The body of an elderly man who died May 7 of heart disease at his home in south Florida was transported by air to the Alcor Life Extension Foundation laboratory here the following day and suspended in a tank of liquid nitrogen, authorities said.
Dan Cupido, supervising investigator for the Riverside County coroner’s office, said county Health Department officials have refused to grant Alcor permission to store the body.
“The county Health Department would not issue them a permit to do that,” Cupido said. “Now, there is an issue over whether it is legal or not.”
Alcor spokesman Carlos Mondragon declined to identify the Florida man whose frozen remains join another body, six human heads, two dogs and a cat already suspended in liquid nitrogen at Alcor’s laboratory west of downtown Riverside.
“We had agreed to notify the Riverside coroner’s office when we would do another one and we did that,” Mondragon said.
But the latest freezing was done without publicity, he said, because “we are not publicity hounds.”
Alcor and other advocates of cryonics freeze heads and bodies in the expectation that they will be returned to life at an uncertain date in the future, and entire bodies can be cloned to go with the heads. Cryobiologists, scientists who study the process of life at very low temperatures, scoff at such beliefs.
Mondragon said the man was a member of Alcor and that his body was frozen at a cost of between $80,000 and $100,000 “funded through his life insurance.”
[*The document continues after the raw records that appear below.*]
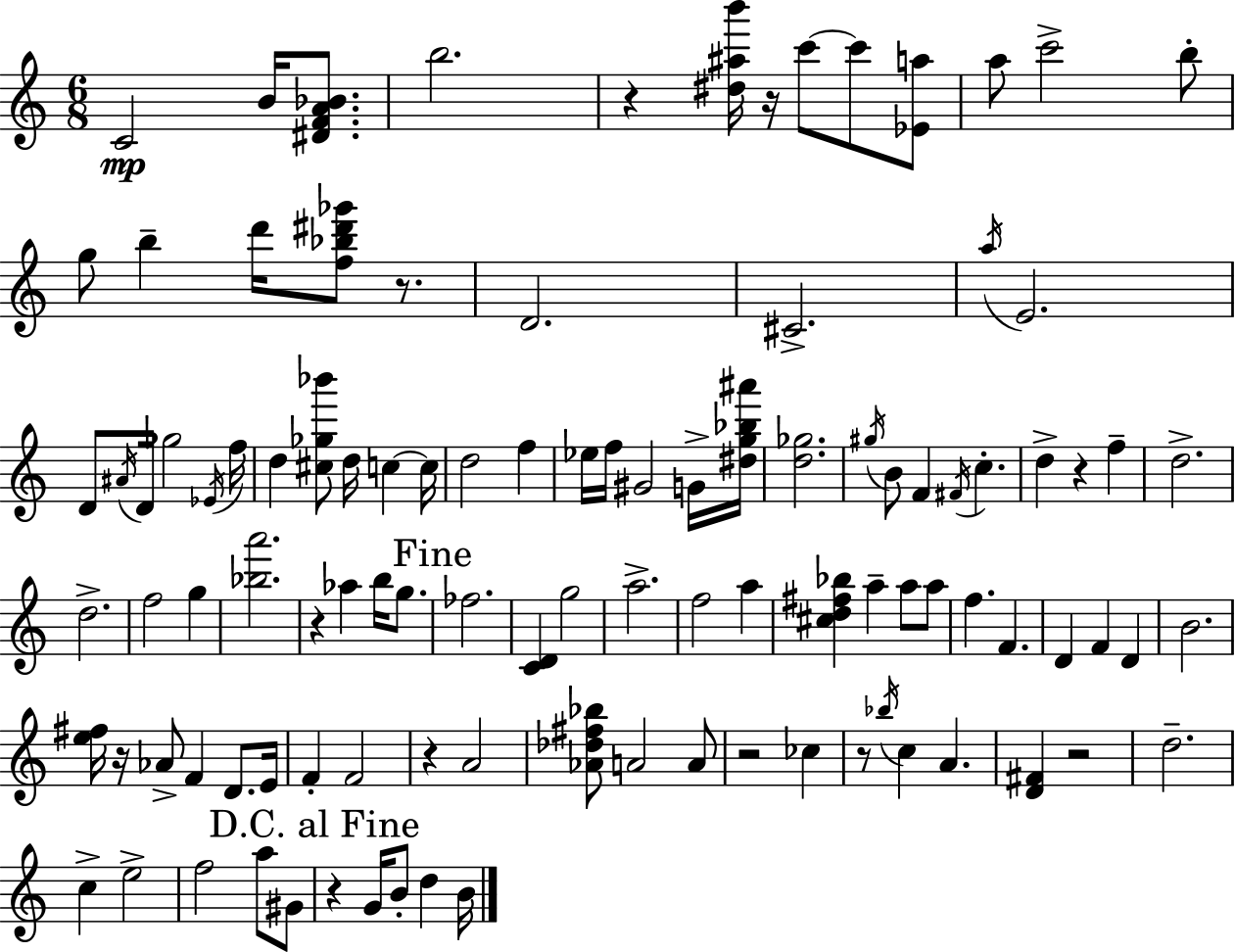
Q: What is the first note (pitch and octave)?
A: C4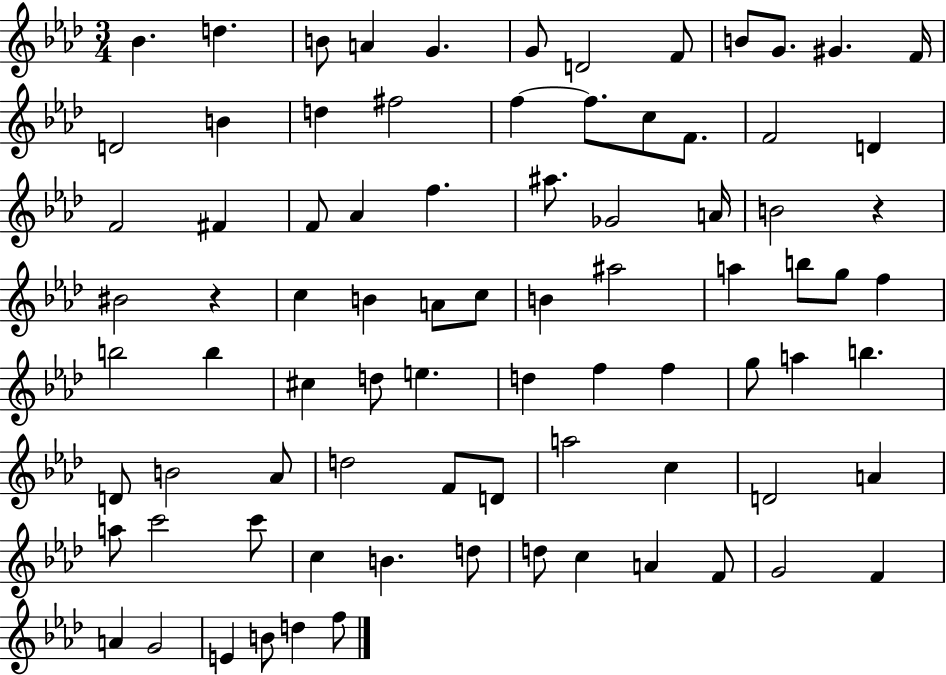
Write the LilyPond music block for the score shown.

{
  \clef treble
  \numericTimeSignature
  \time 3/4
  \key aes \major
  \repeat volta 2 { bes'4. d''4. | b'8 a'4 g'4. | g'8 d'2 f'8 | b'8 g'8. gis'4. f'16 | \break d'2 b'4 | d''4 fis''2 | f''4~~ f''8. c''8 f'8. | f'2 d'4 | \break f'2 fis'4 | f'8 aes'4 f''4. | ais''8. ges'2 a'16 | b'2 r4 | \break bis'2 r4 | c''4 b'4 a'8 c''8 | b'4 ais''2 | a''4 b''8 g''8 f''4 | \break b''2 b''4 | cis''4 d''8 e''4. | d''4 f''4 f''4 | g''8 a''4 b''4. | \break d'8 b'2 aes'8 | d''2 f'8 d'8 | a''2 c''4 | d'2 a'4 | \break a''8 c'''2 c'''8 | c''4 b'4. d''8 | d''8 c''4 a'4 f'8 | g'2 f'4 | \break a'4 g'2 | e'4 b'8 d''4 f''8 | } \bar "|."
}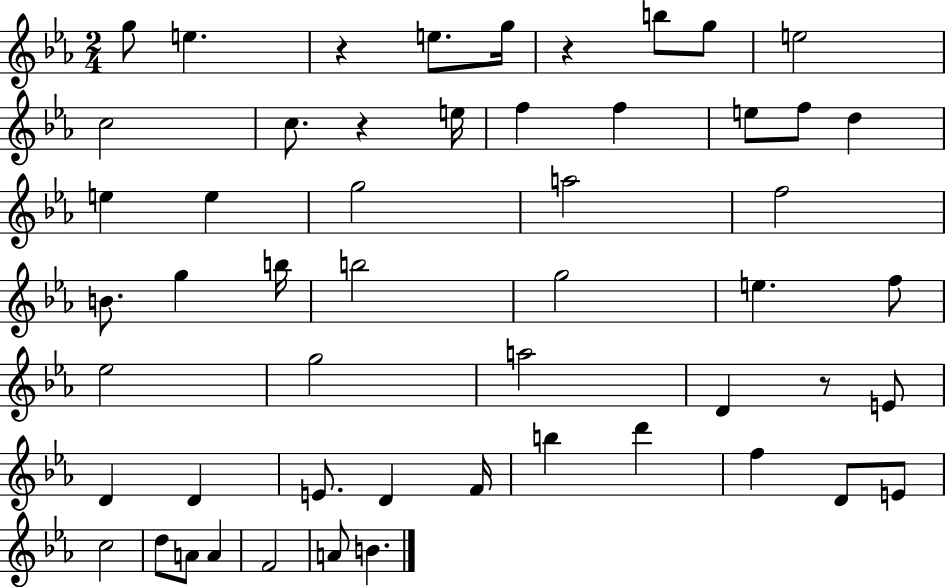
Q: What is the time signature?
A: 2/4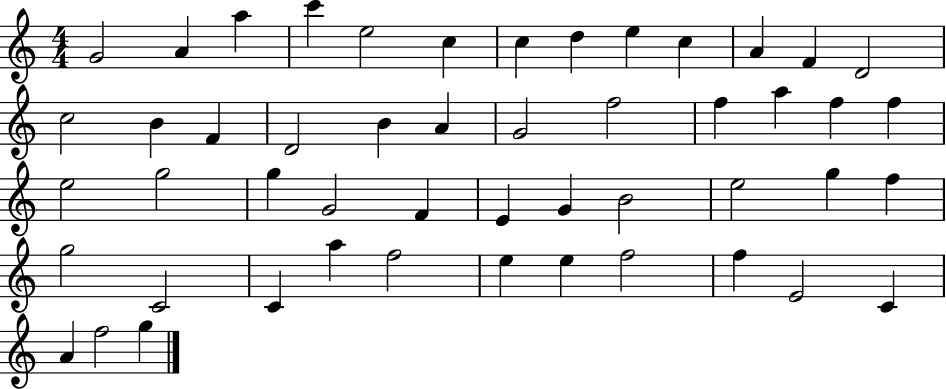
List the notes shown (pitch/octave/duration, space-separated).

G4/h A4/q A5/q C6/q E5/h C5/q C5/q D5/q E5/q C5/q A4/q F4/q D4/h C5/h B4/q F4/q D4/h B4/q A4/q G4/h F5/h F5/q A5/q F5/q F5/q E5/h G5/h G5/q G4/h F4/q E4/q G4/q B4/h E5/h G5/q F5/q G5/h C4/h C4/q A5/q F5/h E5/q E5/q F5/h F5/q E4/h C4/q A4/q F5/h G5/q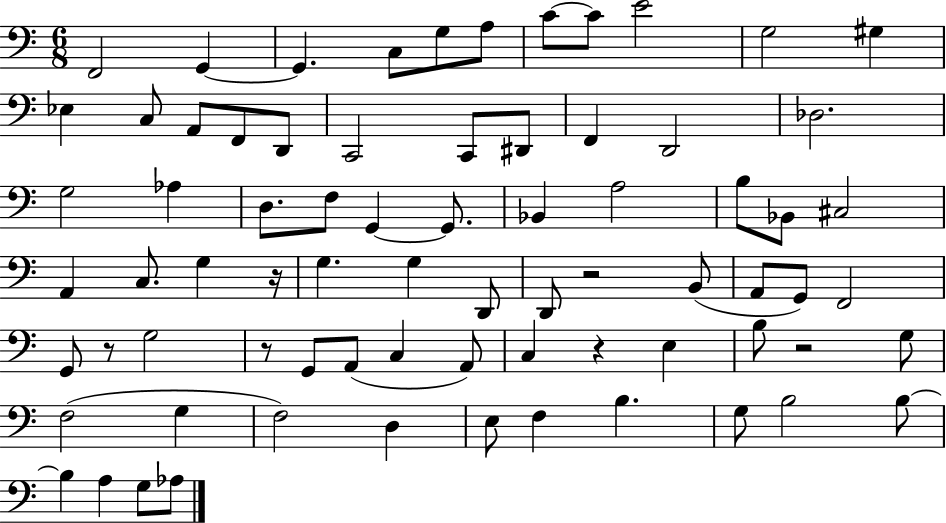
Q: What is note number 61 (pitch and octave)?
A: B3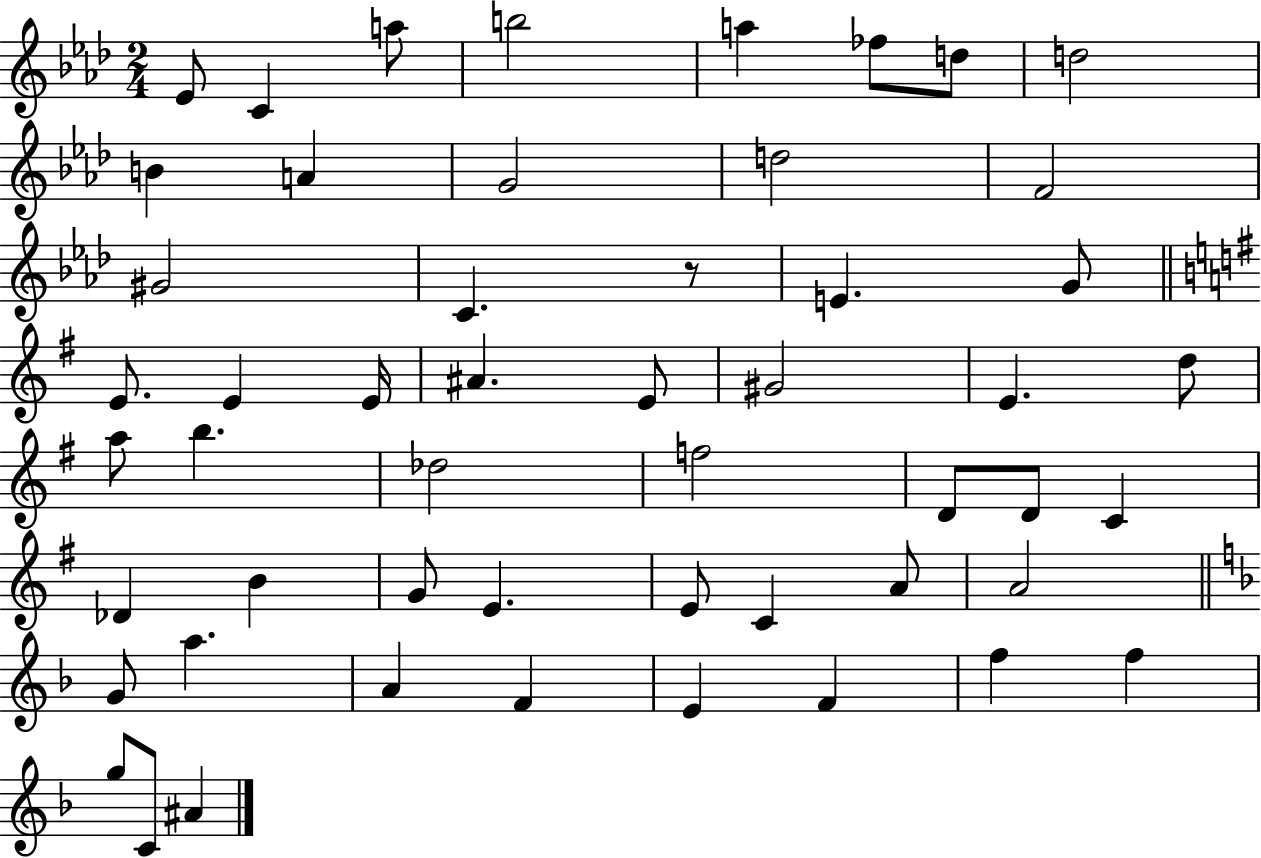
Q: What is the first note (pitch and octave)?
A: Eb4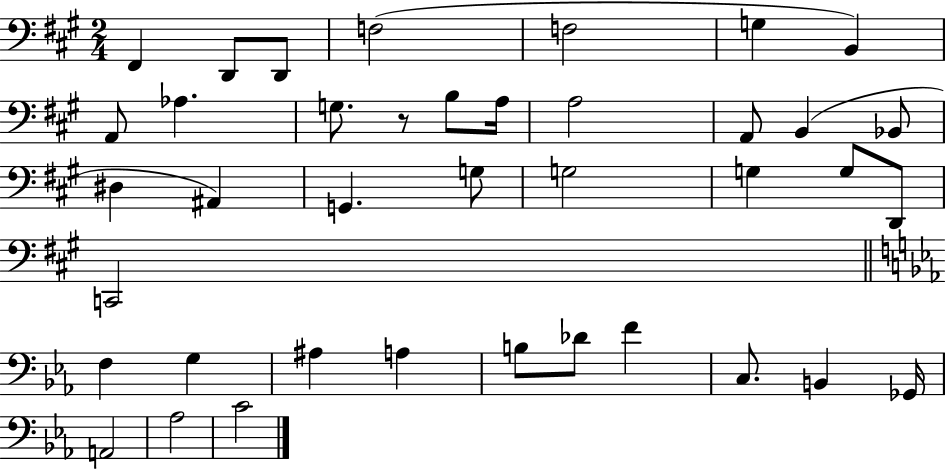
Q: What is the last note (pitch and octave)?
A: C4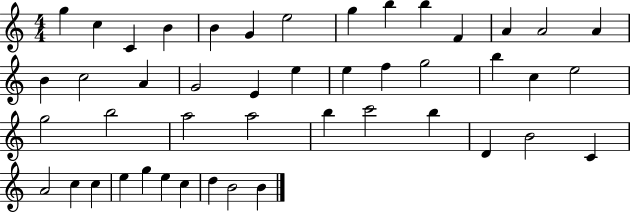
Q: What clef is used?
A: treble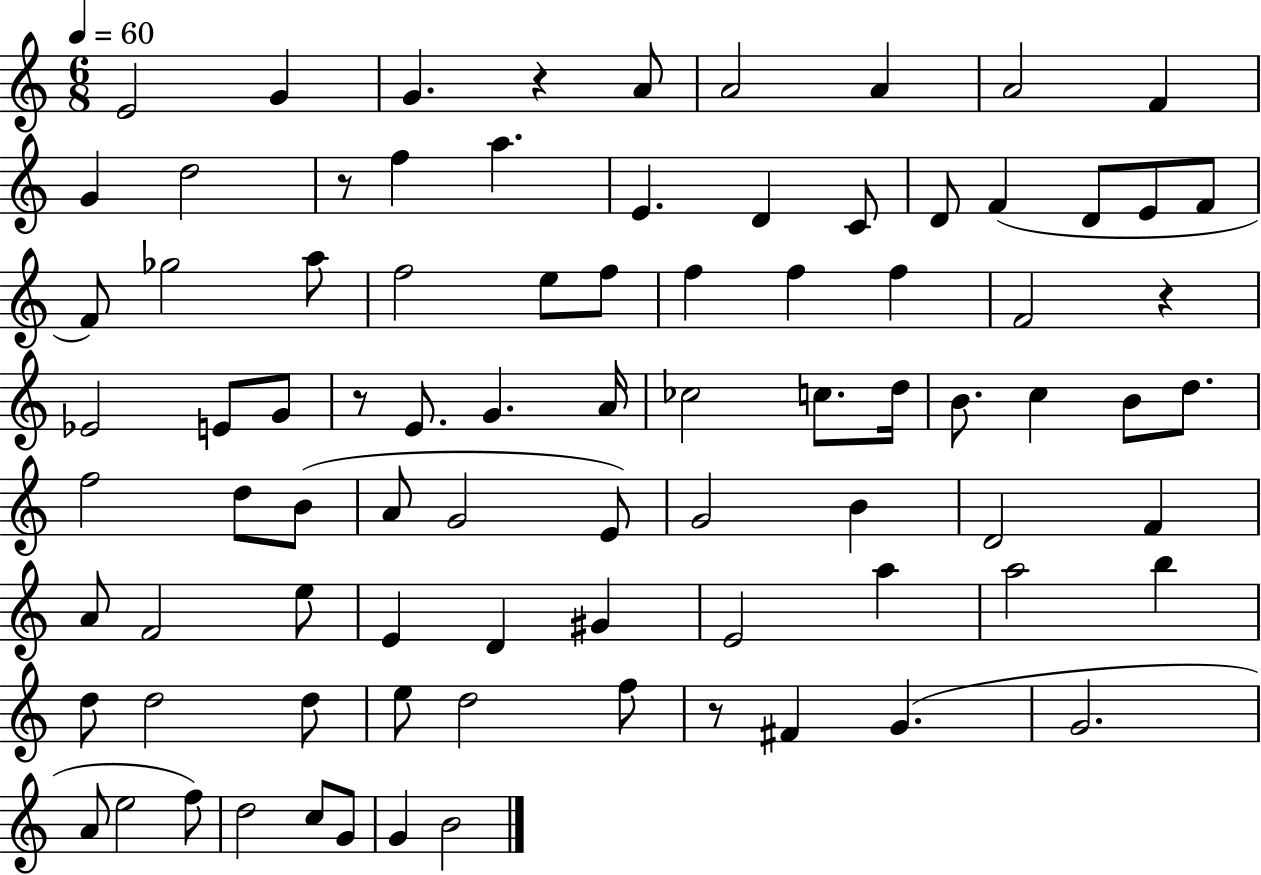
X:1
T:Untitled
M:6/8
L:1/4
K:C
E2 G G z A/2 A2 A A2 F G d2 z/2 f a E D C/2 D/2 F D/2 E/2 F/2 F/2 _g2 a/2 f2 e/2 f/2 f f f F2 z _E2 E/2 G/2 z/2 E/2 G A/4 _c2 c/2 d/4 B/2 c B/2 d/2 f2 d/2 B/2 A/2 G2 E/2 G2 B D2 F A/2 F2 e/2 E D ^G E2 a a2 b d/2 d2 d/2 e/2 d2 f/2 z/2 ^F G G2 A/2 e2 f/2 d2 c/2 G/2 G B2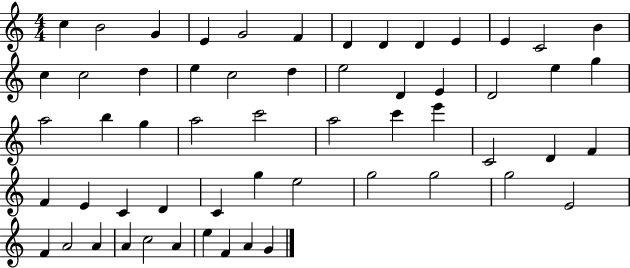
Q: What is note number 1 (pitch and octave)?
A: C5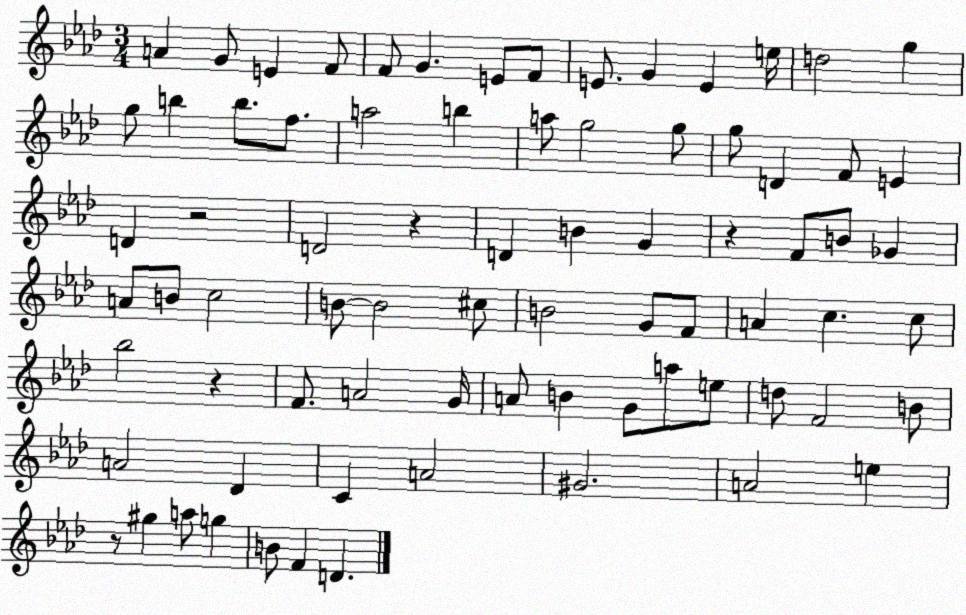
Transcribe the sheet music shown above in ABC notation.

X:1
T:Untitled
M:3/4
L:1/4
K:Ab
A G/2 E F/2 F/2 G E/2 F/2 E/2 G E e/4 d2 g g/2 b b/2 f/2 a2 b a/2 g2 g/2 g/2 D F/2 E D z2 D2 z D B G z F/2 B/2 _G A/2 B/2 c2 B/2 B2 ^c/2 B2 G/2 F/2 A c c/2 _b2 z F/2 A2 G/4 A/2 B G/2 a/2 e/2 d/2 F2 B/2 A2 _D C A2 ^G2 A2 e z/2 ^g a/2 g B/2 F D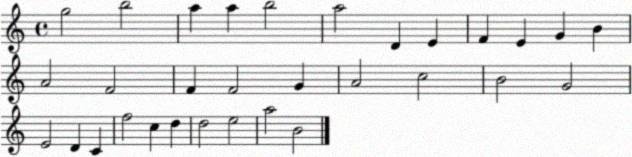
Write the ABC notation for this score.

X:1
T:Untitled
M:4/4
L:1/4
K:C
g2 b2 a a b2 a2 D E F E G B A2 F2 F F2 G A2 c2 B2 G2 E2 D C f2 c d d2 e2 a2 B2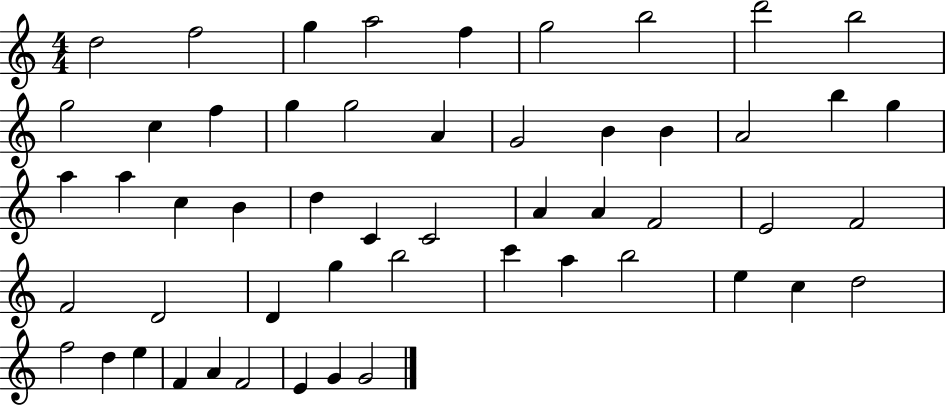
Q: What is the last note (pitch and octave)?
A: G4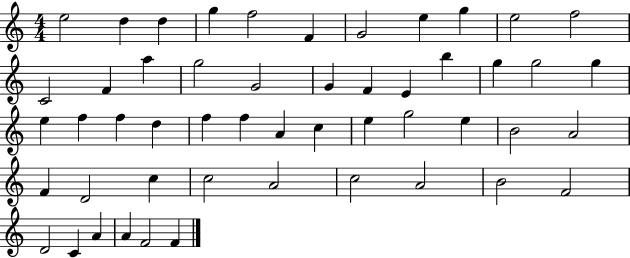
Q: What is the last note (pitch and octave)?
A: F4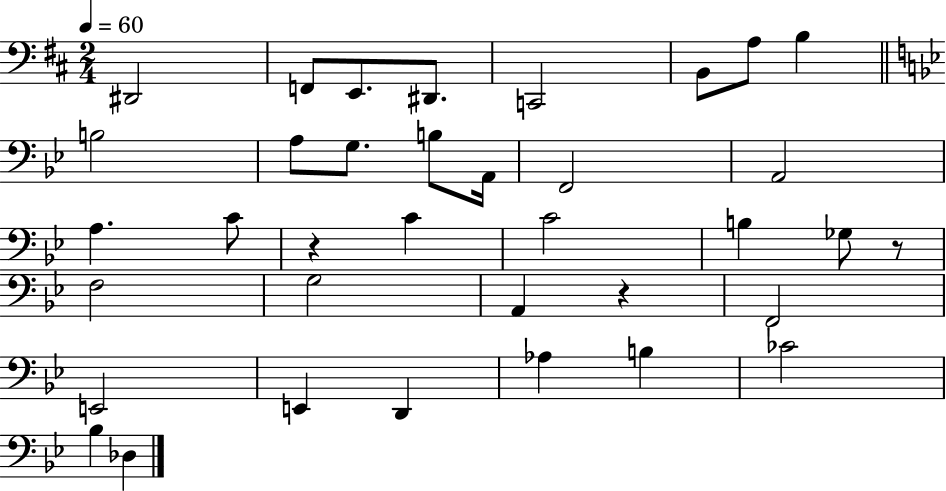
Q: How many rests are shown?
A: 3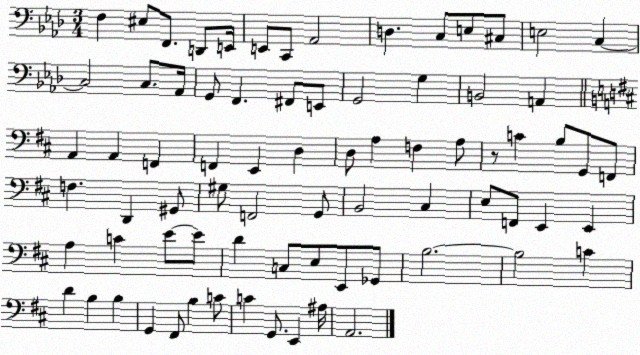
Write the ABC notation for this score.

The Riverside County district attorney’s office is investigating the coroner’s ruling in February that the death of 83-year-old Dora Kent at the same laboratory was a “homicide” resulting from a lethal dose of barbiturates.
After Kent’s death, her head was surgically removed at the Alcor lab and frozen in liquid nitrogen. But the whereabouts of Dora Kent’s head, which was removed from the laboratory and hidden by unidentified Alcor members, remains a mystery.
Saul Kent, son of the dead woman and an advocate of cryonics, has denied that his mother was the victim of a homicide.